_Activity:_
The entries below must be copied exactly as they are.
** Opening Extracted information block **
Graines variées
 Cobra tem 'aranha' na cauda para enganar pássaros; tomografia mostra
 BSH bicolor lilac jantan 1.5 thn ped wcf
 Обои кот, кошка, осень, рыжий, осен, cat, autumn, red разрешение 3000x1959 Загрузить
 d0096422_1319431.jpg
** Closing Extracted information block **
_Result for this exercise:_
Graines variées
 Cobra tem 'aranha' na cauda para enganar pássaros; tomografia mostra
 BSH bicolor lilac jantan 1.5 thn ped wcf
 Обои кот, кошка, осень, рыжий, осен, cat, autumn, red разрешение 3000x1959 Загрузить
 d0096422_1319431.jpg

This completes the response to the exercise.